To create more jobs, India needs an eco-system that encourages more and more mid-level enterprises (employing about 100-300 persons), Planning Commission Deputy Chairman Montek Singh Ahluwalia said here on Thursday.
“We need to look at what in our policy is preventing industry from getting into the middle level,” he said at a FICCI-Institute of Applied Manpower Research event on employment generation.
Commenting on the decline in the labour participation rate in India, Ahluwalia said India’s employment story was a ‘curious mix’ as the picture at the bottom of the spectrum was not as bad as made out to be, referring to the rural job scheme and the construction boom. What, however, was worrying was that the employment story at the middle level was not so good, he said, adding that India needed more jobs and better quality ones.
“Organised labour is ridiculously low in India compared with the global average.

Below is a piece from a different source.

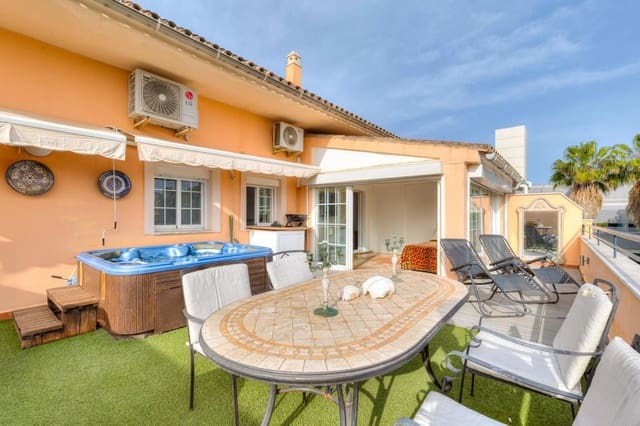 2 soverom Penthouse til salgs i Marbella med svømmebasseng garasje - € 408 000 (Ref: 9479577)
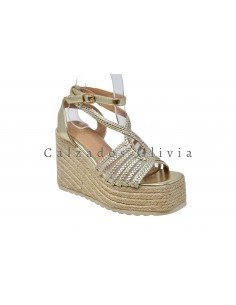 Calzados y zapatos EMS-MT-81 GOLD 2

This must rise,” he said, adding that India needed to look at why thousands of micro and small enterprises were not growing into the middle level.
He underlined the need to skill educated but jobless youth, but said first there is need for a clear definition of ‘skills’. The mere upgrading of ITIs would not do, the private sector needs to play a bigger role in skill development, he said.
On the ongoing two-day strike by trade unions, Ahluwalia said there was a downturn in the industrial cycle and once industrial output bounced back, a lot of problems that were being raised could be ironed out.